THE STORY OF THE POST-IT NOTE READING SERIES
Several years ago, back when he still called Chicago home, cartoonist Arthur Jones accepted an invitation from his friend Starlee Kine, then a full-time producer on the radio show This American Life, to contribute a story to a literary event she’d booked for a Friday in February at the Hideout, a bar in an old, weird house mysteriously located in the middle of a gritty Chicago industrial park. There was only one problem: the event featured actual writers, and Jones had never written anything he considered a “real story” in his life.
At the time Jones held down a day job as a graphic designer at a marketing company. To alleviate boredom, he’d gotten in the habit of producing one drawing a day on a Post-It Note. “Mostly because it was something I could get away with,” he says. “It was pretty inconspicuous, just me at my desk doodling.” After weeks of struggling to come up with something for the Hideout show, an idea finally occurred to him: he could do an illustrated story, drawn entirely on Post-It Notes, and project it as a Power Point slideshow while he narrated onstage.
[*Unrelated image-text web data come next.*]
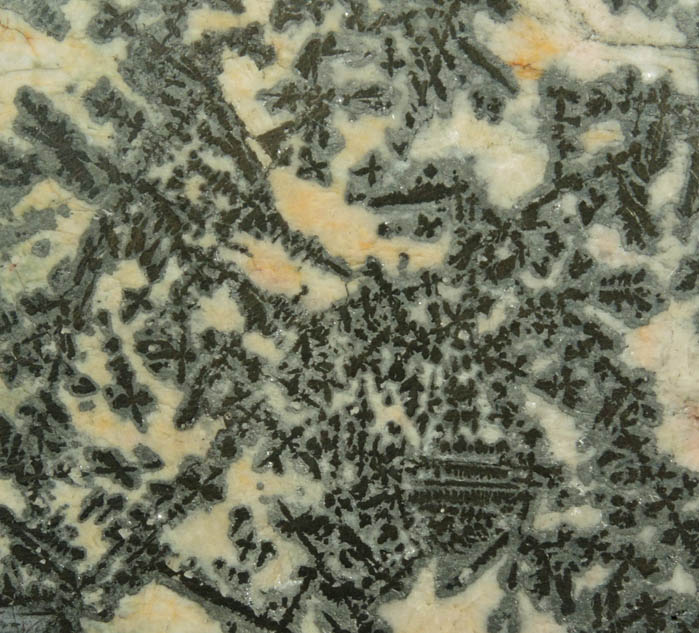 Silver (dendritic native silver) in Calcite from Cobalt District, Ontario, Canada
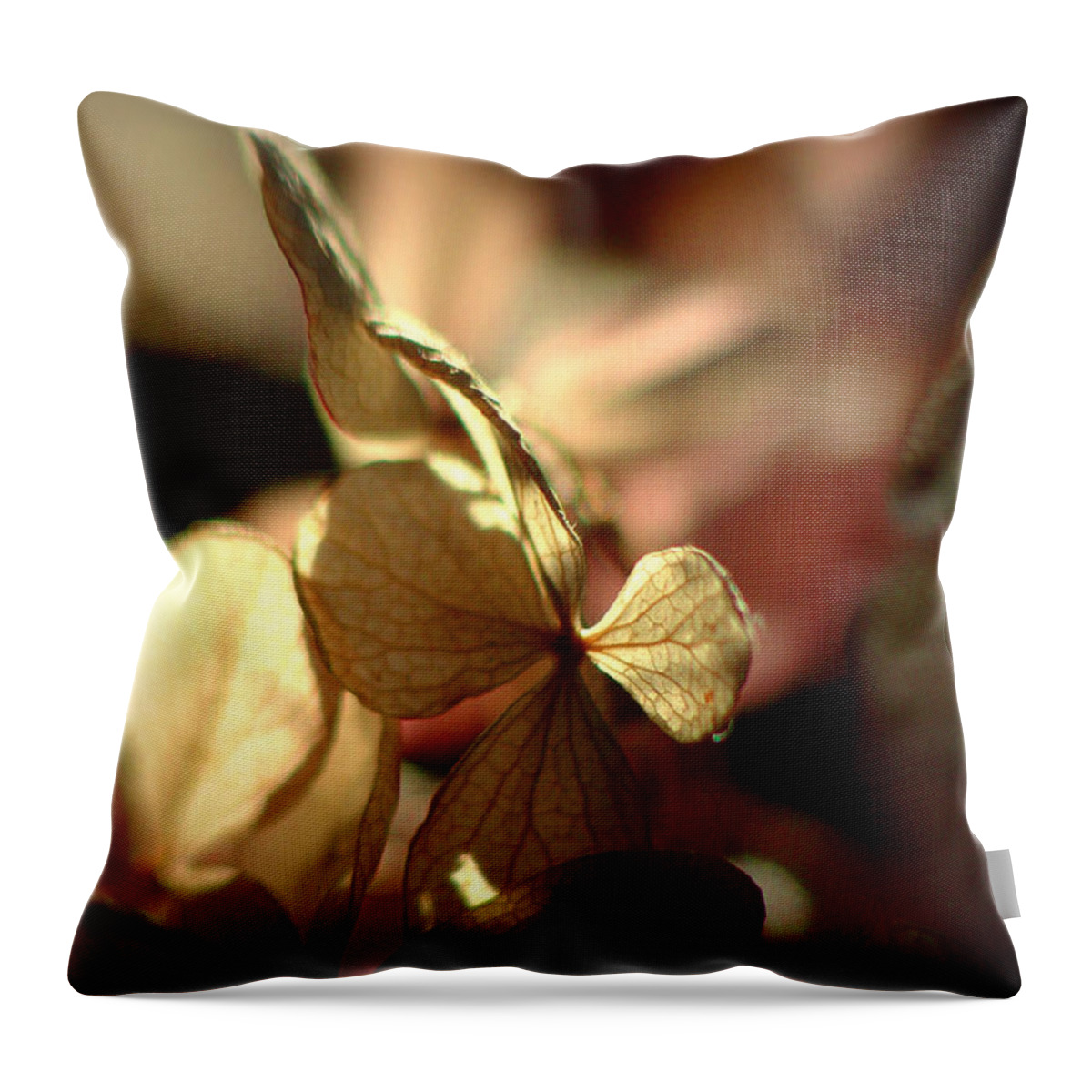 Flowers Throw Pillow featuring the photograph Light Passion... by Arthur Miller
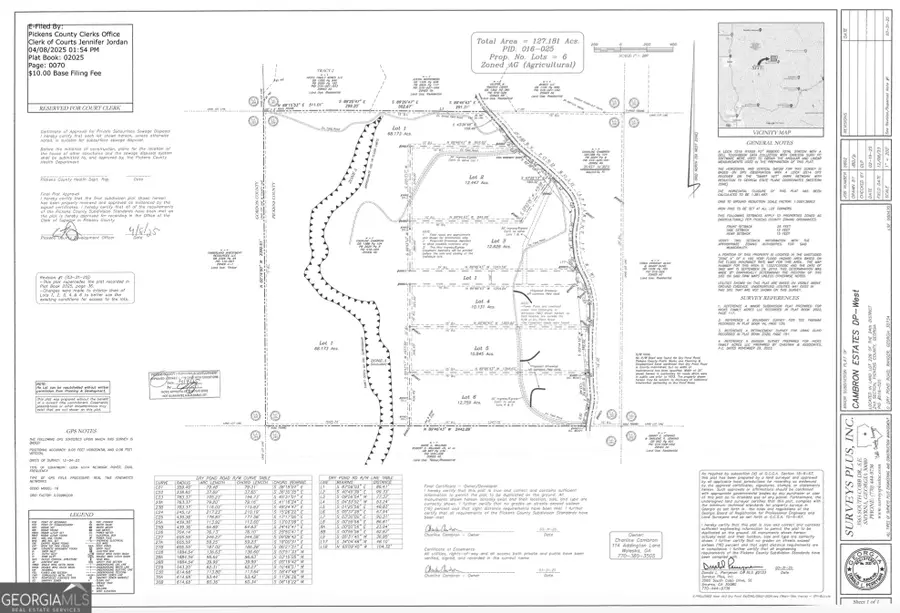 5 WEST Dry Pond Road #LOT 5 WEST, Ranger, GA 30734 - #3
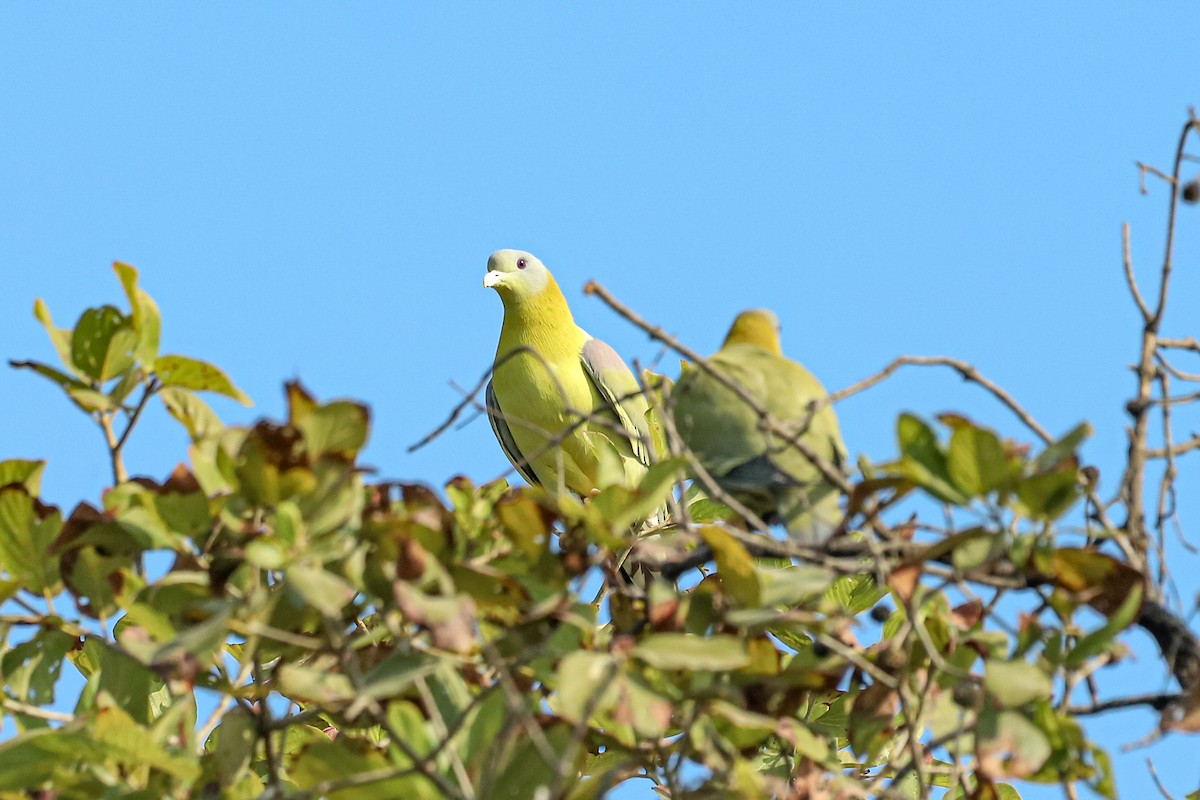 Yellow-footed Green-Pigeon - ML647239070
Much to Jones’s surprise, the story he came up with — about a snowman trapped by his office job and a never-ending winter — was a crowd favorite. So in the spring of 2005, when he and filmmaker Jim Finn embarked on a tour of the U.S. with a program of Finn’s short films and Jones’s cartoons. They spent a month on the road winding their way from Houston to Toronto and Jones brought along a few more Post-It Note stories to perform live at the shows.
Not long after the tour ended, Jones moved from Chicago to New York. The following summer, hoping to build on the potential of the Post-It Note format, he reunited with Kine, who’d moved to New York a few years previous, and launched what would become a “semi-regular” event known as the Post-It Note Reading Series. Kine booked the writers; Jones illustrated their stories. Not surprisingly, considering Kine’s longtime association with This American Life, the Post-It Note shows have often featured names familiar to listeners of the program: David Rakoff, Jonathan Goldstein, Arthur Bradford, Joshua Bearman. But they’ve also included storytellers from outside the literary and radio worlds, such as comedian Dave Hill, guitarist Woody Sullender, and Marie Lorenz, an artist and ship-builder who runs her own ferrying service in New York City.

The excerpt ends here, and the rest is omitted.